“Success often depends on a certain amount of luck.”

He has worked a lot, with the enthusiasm and curiosity that we know him for, but he was lucky enough to be there in the 80’s, at the time when we started to understand that quality could allow the sale of wines and that it was not reduced to “faithful and marketable” wines revealed by chemical analysis, but that wine was also and especially made in the vineyard.

The work in the vineyard was as important as the work in the cellar, but at that time everything had to be evaluated.

Michel initiated some practices that did not exist, such as green harvesting and leaf removal, more respect for the grapes, more selection, “à la carte” harvesting: a major element to increase quality and allow better blending. He was convinced and wanted to make things happen…

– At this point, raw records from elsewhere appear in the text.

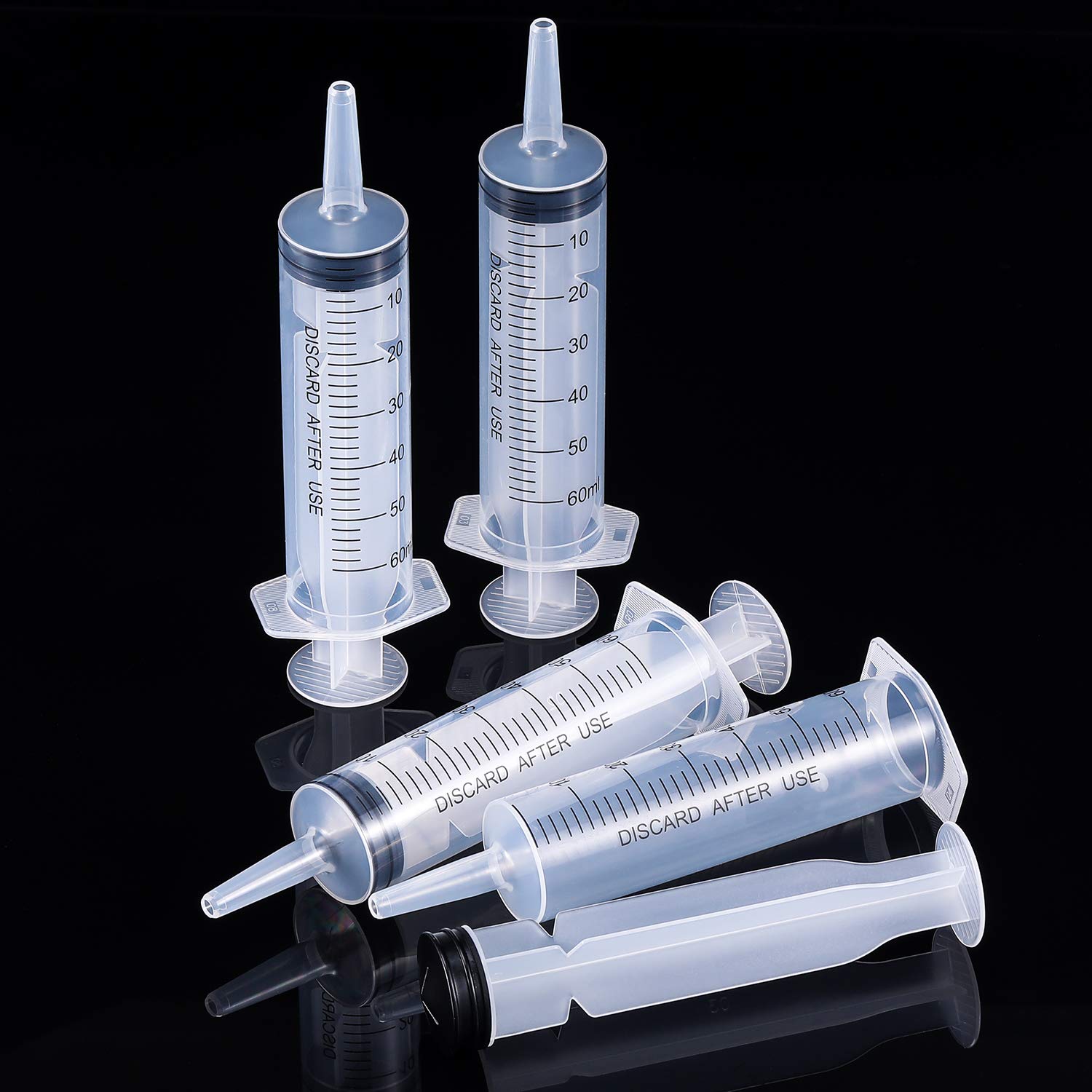 Buy now Frienda Large Plastic Syringe 4 Pack Measuring Syringe Tools Dispensing Multiple Uses(60 ml) at indiglob india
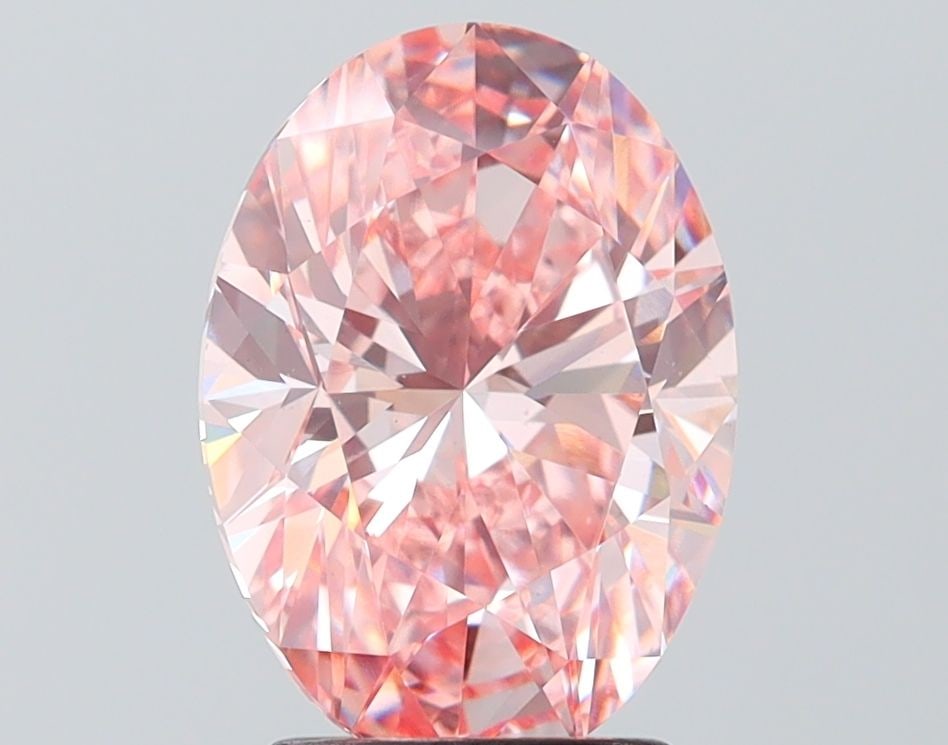 Loose Diamond - OVAL 3.0ct Fancy Vivid Pink VS1: Loose Diamond - OVAL 3.0ct Fancy Vivid Pink VS1 Source: This is a real non-mined Diamond that has been grown in a lab Shape: OVAL Carats: 3.0 Color: Fancy Vivid Pink Certification: IGI Video:
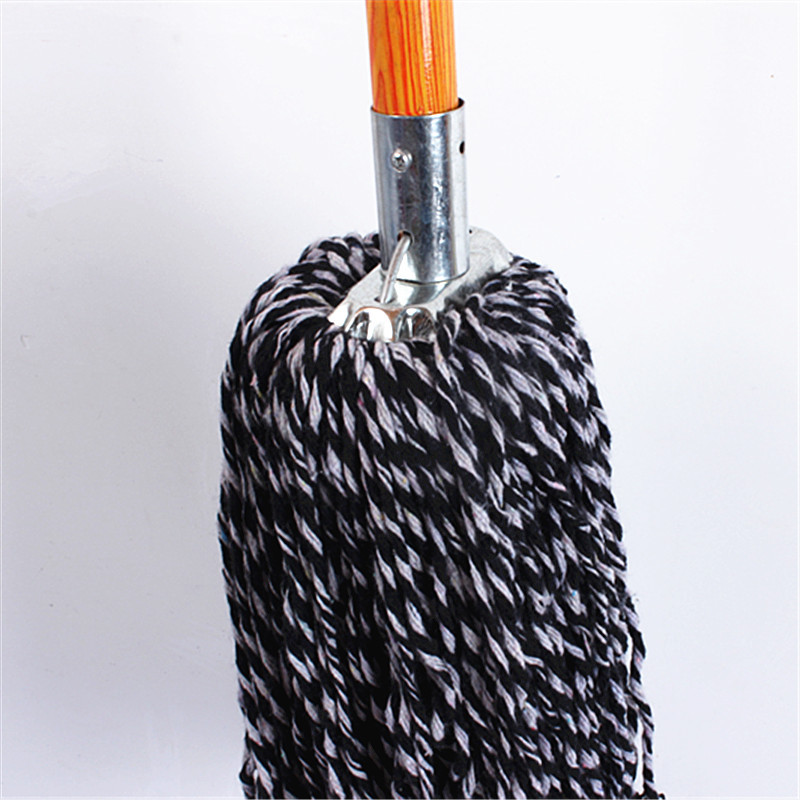 木柄棉纱圆拖把黑白棉纱木柄拖把厂家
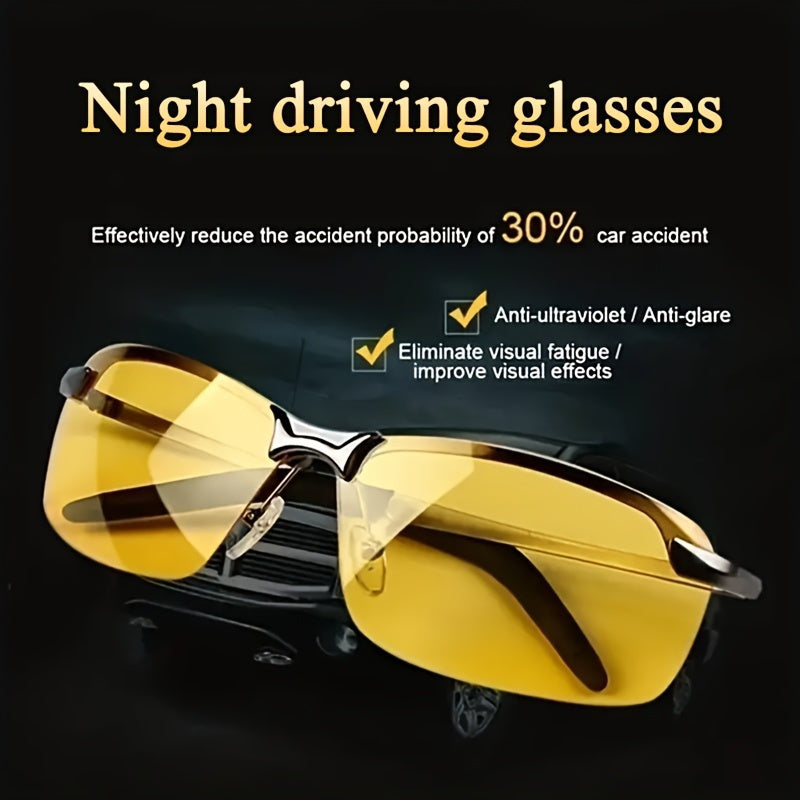 2pcs Night Vision Driving Glasses For Men And Women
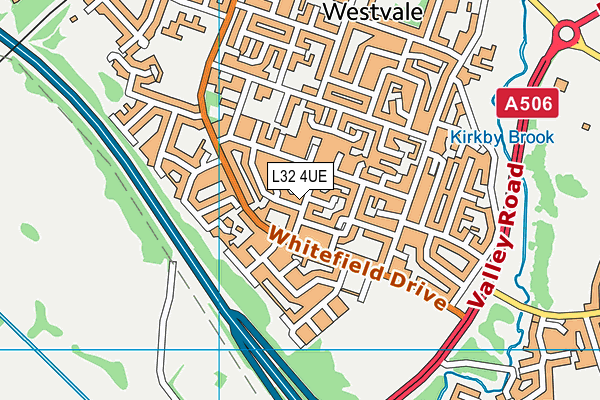 L32 4UE map - OS VectorMap District (Ordnance Survey)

Today, it is a work of goldsmith that he manages to do in the vineyards. Understanding the terroir, taking care of each vine and each parcel of land to have a quality raw material, then an appropriate vinification, a meticulous work in the cellar: to have smallest tanks, to imagine the vinification in barrels, with the greatest rigor, a sum of details which allows this king of the assembly to create wines with the expression of their terroir and the identity of the property.

Whether as an owner or as an oenologist, Michel Rolland became the first “Flying Winemaker”, a pioneer of these pivotal years that have won the evolution of viticulture and winemaking as we know it today.